(Sharecast News) - Berenberg downgraded Polymetal on Wednesday to 'hold' from 'buy', citing heightened uncertainty around the Russian assets and saying it has changed its valuation to be based on the NAV of the Kazakh assets alone.

The bank, which slashed its price target on the stock to 300p from 500p, said the share price has become detached from the underlying business.

"We are currently attributing no value in our NAV to the Russian assets given uncertainty about Polymetal's ability to remit funds from assets in the country to other parts of the corporate structure," it said.

Berenberg said the company faces a number of material headwinds in terms of negotiating the sanctions that have been applied by the West on Russia and vice versa.

"There is the risk that Alexander Nesis, who holds a majority interest in ICT, the company's 24% shareholder, will be sanctioned," it said. "The company may also need to secure debt from either domestic or Chinese lenders to replace the debt that is currently held with European banks, with higher borrowing costs. The company will face challenges importing spares, specialist equipment and skills from Western suppliers.
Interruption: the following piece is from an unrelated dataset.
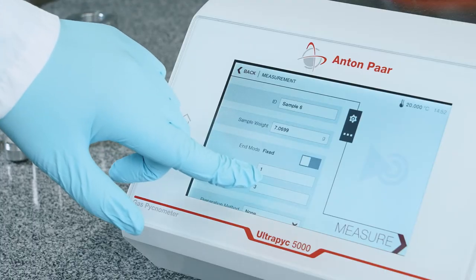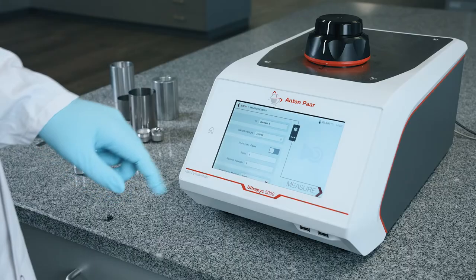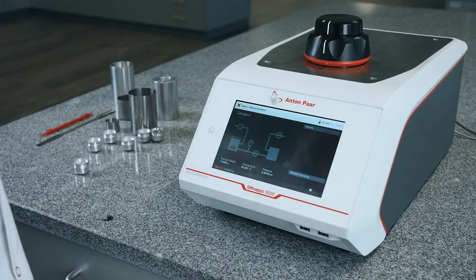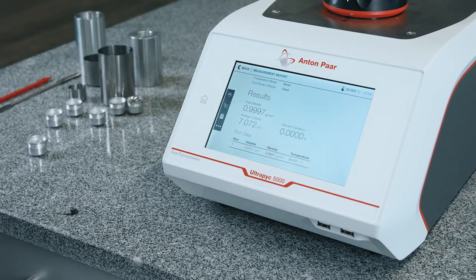After loading the sample, simply select the conditions for the density measurement and press measure. The large touchscreen has an intuitive interface. Viewing results is easy.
"Russian companies are now not allowed to remit dividends to offshore entities and so any dividend in the future will need to be funded from free cash flow from the Kazakh entities. A key decision that will need to be made is whether to split the business into its Russian and Kazakh assets, with the latter accounting for 35% of our NAV and 30% of group production."

Berenberg said this would create a sanctioned entity and unsanctioned entity, although management has flagged that there are potential regulatory hurdles to this.

In the same note on metals and mining, the bank upgraded Hochschild to 'buy' from 'hold' and lifted the price target to 160p from 130p as it argued the shares offer operationally-geared exposure to higher precious metal prices.